Is the tube in a socket? If so, take it out and jumper pin 2 to pin 8 with a piece of wire, and see if it sounds any different!
Bringing you yesterday's technology tomorrow.

PBE6

Ok I will give it a try.

I won't kill myself by doing that, will I? Voltages are too low, right?

Johan

It will give you a slight tube compression before it goes into ugly clipping. . Keep it in any of the opl modes and a fast fet limiter catches the peaks before it clips
The other modes are basicly a different eq on the signal and in some modes defeating the feedback around the tube. For fast project/demo recordings it's a great little produc. Especially considering price
J
DON'T PANIC

anchovie

Quote from: PBE6 on March 05, 2015, 10:54:14 AM
Ok I will give it a try.

I won't kill myself by doing that, will I? Voltages are too low, right?

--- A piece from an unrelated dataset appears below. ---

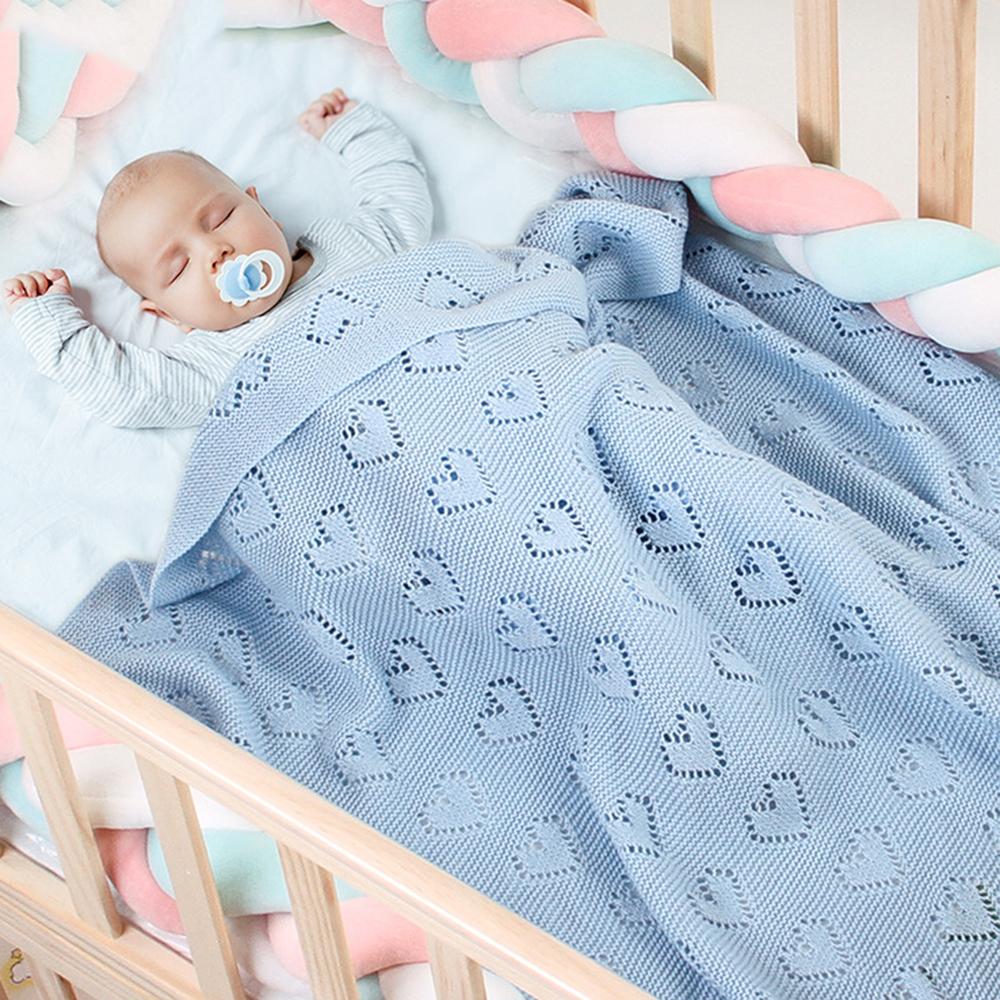 Baby Knitted Heart Hollow Out Blankets Wholesale Cheap Baby Blankets In Bulk - PrettyKid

2 and 8 aren't carrying any high voltage.
Bringing you yesterday's technology tomorrow.

teemuk

#5
Quote...jumper pin 2 to pin 8 with a piece of wire, and see if it sounds any different!

There's a directly coupled emitter follower in the cathode circuit. Short circuiting pins 2 and 8 will most likely mess up its bias entirely, which will undoubtedly lead into sub optimal  performance.

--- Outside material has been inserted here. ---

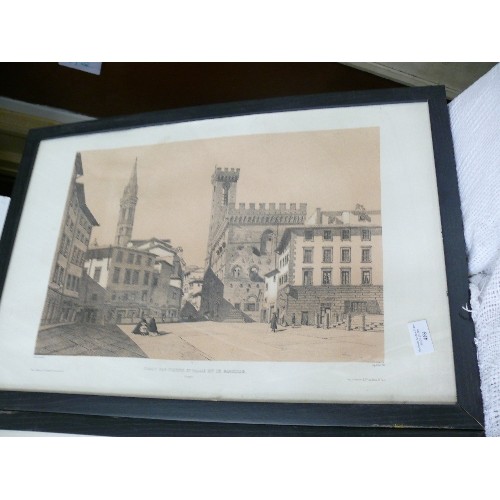 469 - COLLCTION OF LITHOGRAPH PRINT OF ARCHITECTURAL BUILDINGS IN PARIS AND FLORENCE.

Yes, the tube is in use. No need for stupid test arrangments to verify it. Yes, it introduces "tube-yness" because it is a tube. Inherent issue is that "tube-yness" was never a consistent characteristic to begin with. "Tube-yness" of a single 12AX7 preamp stage is different to "tube-yness" of a complete push-pull tube power amp and tube-yness of a Valve Junior is different to tube-yness of a Diezel Einstein. Get the picture? Things with tubes inside don't sound the same. Tube circuits don't sound the same. Here you have the tube working like it would work in this type of circuit.

Yes, 12AX7 will work with 45VDC plate voltage, heck it even works with 9VDC. The operation, however, takes place in the area of loadlines, which is not represented in great accuracy by datasheets. But it works.

If we strip it down, the tube stage of this thing is actually pretty damn simple: Common cathode amp directly coupled to a cathode follower. The cathode follower is furthermore buffered by another follower, being solid-state now much more effective buffer. There is a global feedback loop around the entire stage. A good estimation is that the stage will clip hard an nasty, weren't there a FET limiter preceding the tube stage.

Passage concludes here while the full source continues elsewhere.